> _Data_:
-----

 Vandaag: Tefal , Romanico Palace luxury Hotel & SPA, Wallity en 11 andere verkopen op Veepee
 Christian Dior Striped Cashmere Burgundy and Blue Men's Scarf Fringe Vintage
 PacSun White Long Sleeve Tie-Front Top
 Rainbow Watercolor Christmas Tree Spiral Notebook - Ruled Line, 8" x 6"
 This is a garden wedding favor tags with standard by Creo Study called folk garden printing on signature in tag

-----

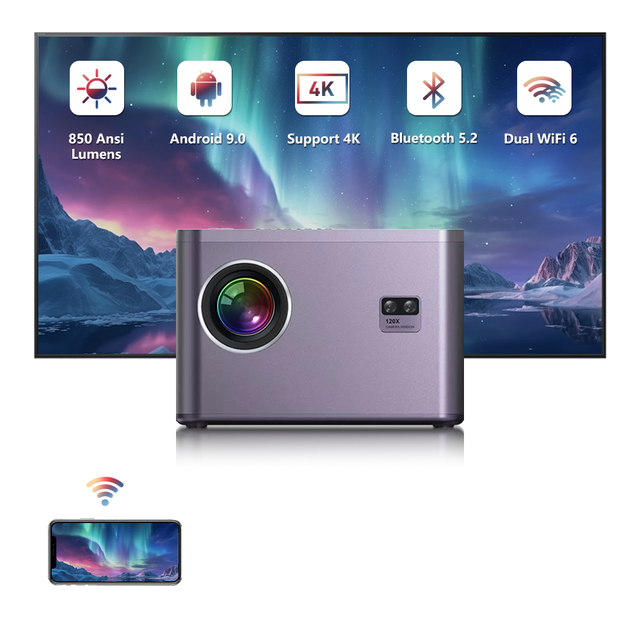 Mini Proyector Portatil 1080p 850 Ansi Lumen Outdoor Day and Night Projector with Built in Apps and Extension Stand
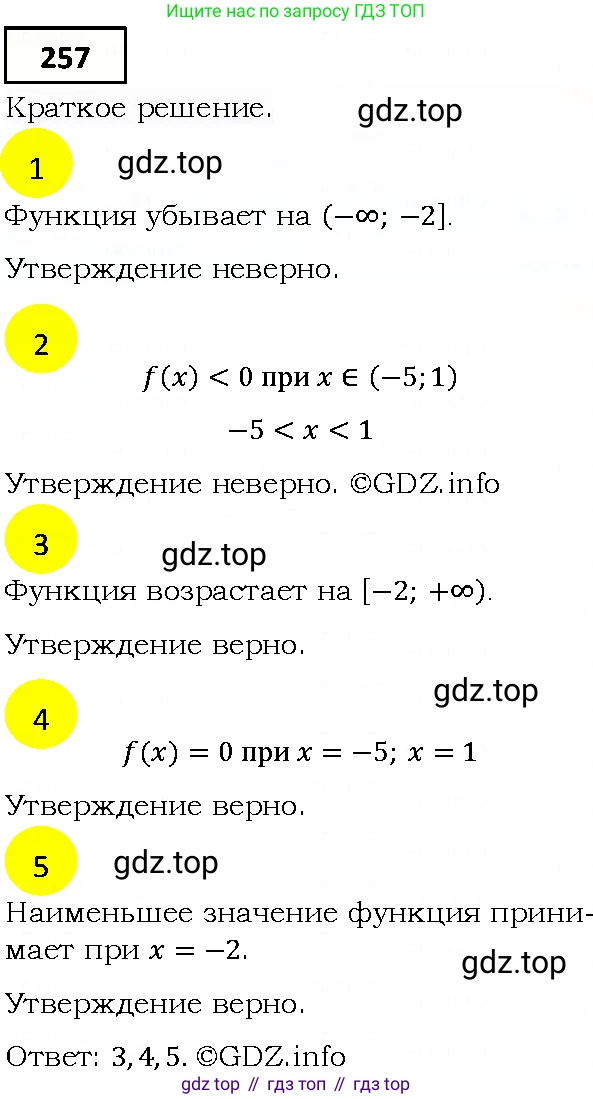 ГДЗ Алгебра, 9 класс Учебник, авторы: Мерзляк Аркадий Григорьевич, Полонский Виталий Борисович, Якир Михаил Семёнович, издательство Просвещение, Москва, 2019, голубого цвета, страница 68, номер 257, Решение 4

-----

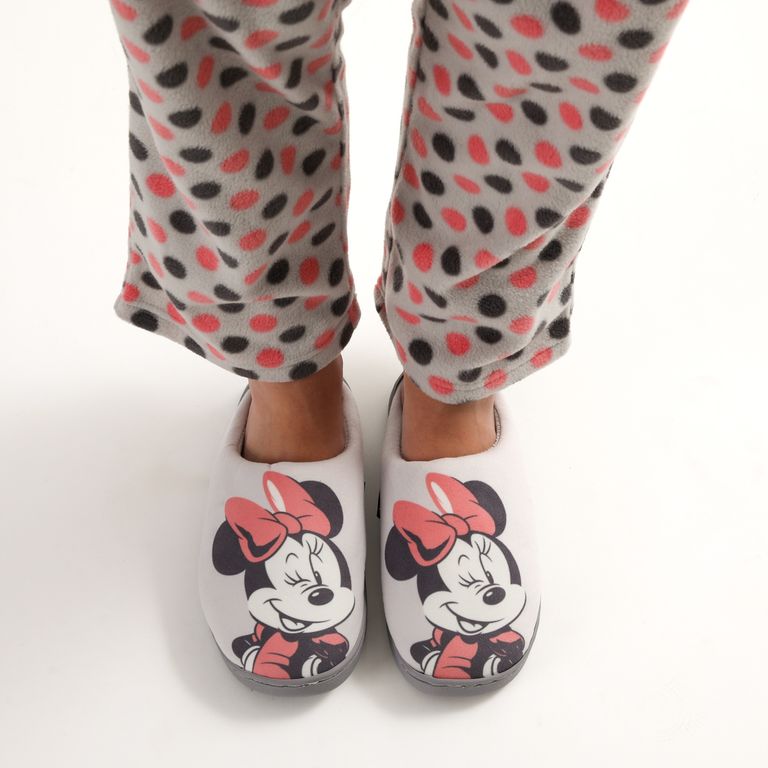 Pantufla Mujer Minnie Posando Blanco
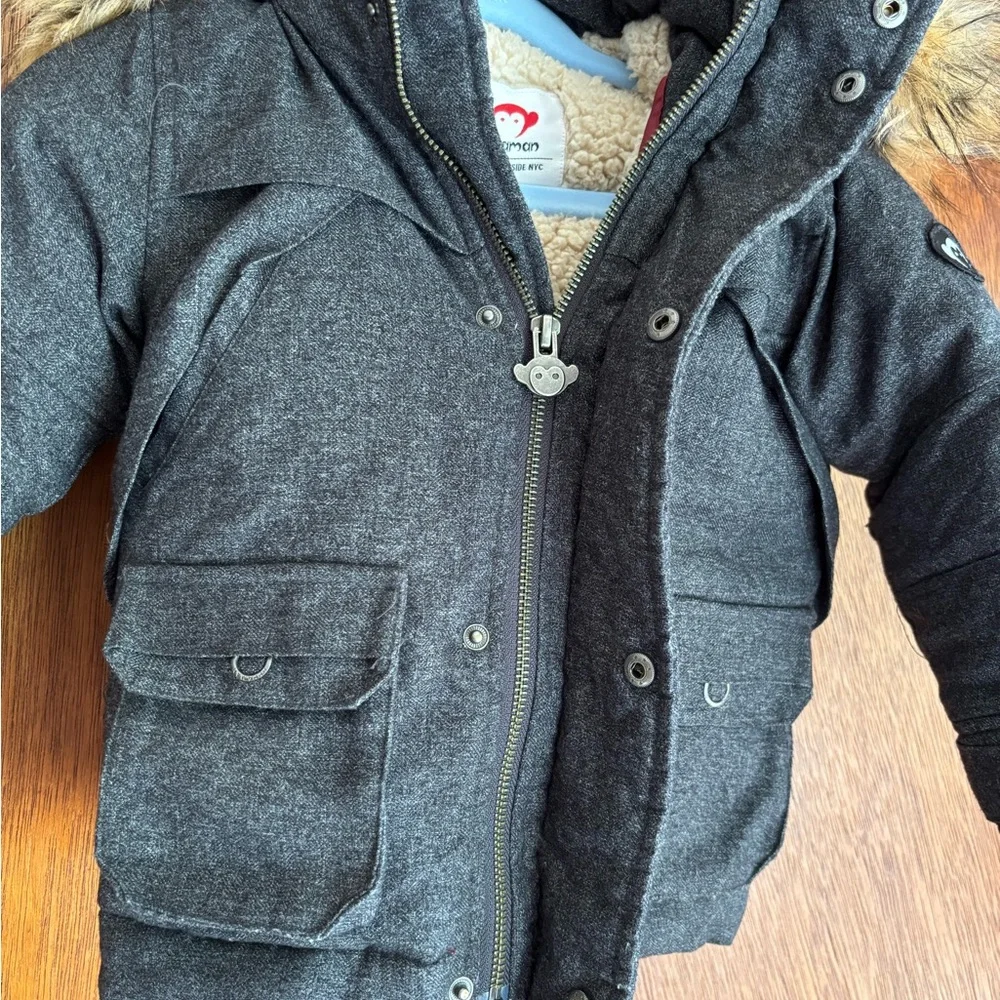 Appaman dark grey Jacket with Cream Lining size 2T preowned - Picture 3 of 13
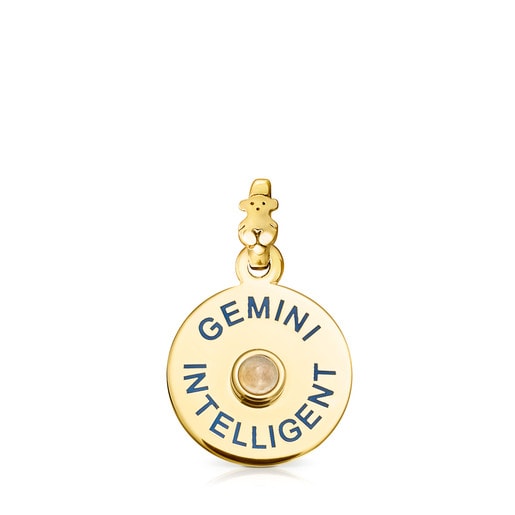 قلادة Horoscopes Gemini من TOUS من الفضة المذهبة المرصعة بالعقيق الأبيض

-----

> _Aim of the exercise_: Using the data above, copy exactly the lines from the one containing "Appaman dark grey" to the one containing "قلادة Horoscopes Gemini", inclusive. Exclude the pictures.

> _Exercise result_:
 Appaman dark grey Jacket with Cream Lining size 2T preowned - Picture 3 of 13
 قلادة Horoscopes Gemini من TOUS من الفضة المذهبة المرصعة بالعقيق الأبيض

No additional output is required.